## Problem
Reproduce, character for character, the entries from their opening line through the line with "RENAULT SANDERO 1.6 DYNAMIQUE 8V FLEX 4P MANUAL RENAULT".

Segment Open

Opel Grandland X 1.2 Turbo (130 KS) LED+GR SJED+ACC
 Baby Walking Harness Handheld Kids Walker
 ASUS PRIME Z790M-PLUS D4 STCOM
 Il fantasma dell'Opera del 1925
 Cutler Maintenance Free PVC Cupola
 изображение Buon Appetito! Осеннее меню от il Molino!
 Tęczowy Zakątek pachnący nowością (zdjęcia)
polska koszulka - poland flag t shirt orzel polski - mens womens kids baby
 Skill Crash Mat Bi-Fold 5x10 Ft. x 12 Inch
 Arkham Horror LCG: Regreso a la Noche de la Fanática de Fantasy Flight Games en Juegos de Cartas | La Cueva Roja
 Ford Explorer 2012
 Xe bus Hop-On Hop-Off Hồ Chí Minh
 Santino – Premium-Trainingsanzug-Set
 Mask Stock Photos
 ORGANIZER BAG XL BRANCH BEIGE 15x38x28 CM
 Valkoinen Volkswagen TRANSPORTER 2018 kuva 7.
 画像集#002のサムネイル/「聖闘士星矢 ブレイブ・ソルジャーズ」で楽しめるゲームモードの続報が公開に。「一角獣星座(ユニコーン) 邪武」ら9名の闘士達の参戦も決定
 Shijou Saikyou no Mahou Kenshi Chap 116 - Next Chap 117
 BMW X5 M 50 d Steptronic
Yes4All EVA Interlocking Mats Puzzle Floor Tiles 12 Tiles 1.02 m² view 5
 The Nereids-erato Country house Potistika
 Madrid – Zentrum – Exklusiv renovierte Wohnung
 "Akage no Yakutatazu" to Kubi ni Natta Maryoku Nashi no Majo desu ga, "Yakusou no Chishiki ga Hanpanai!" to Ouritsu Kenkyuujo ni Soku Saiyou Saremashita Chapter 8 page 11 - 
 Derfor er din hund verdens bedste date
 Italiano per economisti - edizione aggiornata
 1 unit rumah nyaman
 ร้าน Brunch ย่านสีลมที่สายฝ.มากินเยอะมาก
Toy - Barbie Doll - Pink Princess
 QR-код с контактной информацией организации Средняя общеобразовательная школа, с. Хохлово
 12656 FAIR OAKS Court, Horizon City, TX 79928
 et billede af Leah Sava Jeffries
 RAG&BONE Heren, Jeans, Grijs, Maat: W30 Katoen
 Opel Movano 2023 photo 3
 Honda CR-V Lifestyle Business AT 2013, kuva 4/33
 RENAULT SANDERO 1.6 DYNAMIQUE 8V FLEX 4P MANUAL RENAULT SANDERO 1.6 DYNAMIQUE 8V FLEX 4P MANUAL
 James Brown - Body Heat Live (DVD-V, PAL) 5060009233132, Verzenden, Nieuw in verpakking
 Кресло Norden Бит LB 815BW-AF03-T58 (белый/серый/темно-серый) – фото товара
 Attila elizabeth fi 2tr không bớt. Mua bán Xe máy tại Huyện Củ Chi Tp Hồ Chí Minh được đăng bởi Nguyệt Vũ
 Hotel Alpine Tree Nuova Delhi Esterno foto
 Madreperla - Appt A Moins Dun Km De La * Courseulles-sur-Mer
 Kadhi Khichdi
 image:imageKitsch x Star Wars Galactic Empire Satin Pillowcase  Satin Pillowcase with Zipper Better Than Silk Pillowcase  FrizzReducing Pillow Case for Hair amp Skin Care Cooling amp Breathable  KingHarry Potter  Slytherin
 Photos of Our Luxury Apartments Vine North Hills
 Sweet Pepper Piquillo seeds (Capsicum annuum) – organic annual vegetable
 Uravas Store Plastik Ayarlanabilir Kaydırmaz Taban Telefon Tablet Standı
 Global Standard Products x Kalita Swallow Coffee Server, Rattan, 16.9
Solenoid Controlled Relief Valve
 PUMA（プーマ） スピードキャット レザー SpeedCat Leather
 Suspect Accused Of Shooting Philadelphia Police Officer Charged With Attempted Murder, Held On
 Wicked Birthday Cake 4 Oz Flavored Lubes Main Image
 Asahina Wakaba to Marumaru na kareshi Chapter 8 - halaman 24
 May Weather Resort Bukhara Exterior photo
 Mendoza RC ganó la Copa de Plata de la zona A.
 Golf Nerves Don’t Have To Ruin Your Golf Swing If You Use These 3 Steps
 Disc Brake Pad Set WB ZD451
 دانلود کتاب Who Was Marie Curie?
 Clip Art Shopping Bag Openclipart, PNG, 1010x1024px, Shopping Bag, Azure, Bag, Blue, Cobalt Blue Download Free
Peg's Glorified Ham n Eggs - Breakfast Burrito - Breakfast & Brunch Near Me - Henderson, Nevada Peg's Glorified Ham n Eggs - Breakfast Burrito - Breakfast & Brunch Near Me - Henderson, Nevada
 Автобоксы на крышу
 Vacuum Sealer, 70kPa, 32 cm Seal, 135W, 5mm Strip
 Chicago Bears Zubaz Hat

Segment Closed

## Solution for this exercise
Opel Grandland X 1.2 Turbo (130 KS) LED+GR SJED+ACC
 Baby Walking Harness Handheld Kids Walker
 ASUS PRIME Z790M-PLUS D4 STCOM
 Il fantasma dell'Opera del 1925
 Cutler Maintenance Free PVC Cupola
 изображение Buon Appetito! Осеннее меню от il Molino!
 Tęczowy Zakątek pachnący nowością (zdjęcia)
polska koszulka - poland flag t shirt orzel polski - mens womens kids baby
 Skill Crash Mat Bi-Fold 5x10 Ft. x 12 Inch
 Arkham Horror LCG: Regreso a la Noche de la Fanática de Fantasy Flight Games en Juegos de Cartas | La Cueva Roja
 Ford Explorer 2012
 Xe bus Hop-On Hop-Off Hồ Chí Minh
 Santino – Premium-Trainingsanzug-Set
 Mask Stock Photos
 ORGANIZER BAG XL BRANCH BEIGE 15x38x28 CM
 Valkoinen Volkswagen TRANSPORTER 2018 kuva 7.
 画像集#002のサムネイル/「聖闘士星矢 ブレイブ・ソルジャーズ」で楽しめるゲームモードの続報が公開に。「一角獣星座(ユニコーン) 邪武」ら9名の闘士達の参戦も決定
 Shijou Saikyou no Mahou Kenshi Chap 116 - Next Chap 117
 BMW X5 M 50 d Steptronic
Yes4All EVA Interlocking Mats Puzzle Floor Tiles 12 Tiles 1.02 m² view 5
 The Nereids-erato Country house Potistika
 Madrid – Zentrum – Exklusiv renovierte Wohnung
 "Akage no Yakutatazu" to Kubi ni Natta Maryoku Nashi no Majo desu ga, "Yakusou no Chishiki ga Hanpanai!" to Ouritsu Kenkyuujo ni Soku Saiyou Saremashita Chapter 8 page 11 - 
 Derfor er din hund verdens bedste date
 Italiano per economisti - edizione aggiornata
 1 unit rumah nyaman
 ร้าน Brunch ย่านสีลมที่สายฝ.มากินเยอะมาก
Toy - Barbie Doll - Pink Princess
 QR-код с контактной информацией организации Средняя общеобразовательная школа, с. Хохлово
 12656 FAIR OAKS Court, Horizon City, TX 79928
 et billede af Leah Sava Jeffries
 RAG&BONE Heren, Jeans, Grijs, Maat: W30 Katoen
 Opel Movano 2023 photo 3
 Honda CR-V Lifestyle Business AT 2013, kuva 4/33
 RENAULT SANDERO 1.6 DYNAMIQUE 8V FLEX 4P MANUAL RENAULT SANDERO 1.6 DYNAMIQUE 8V FLEX 4P MANUAL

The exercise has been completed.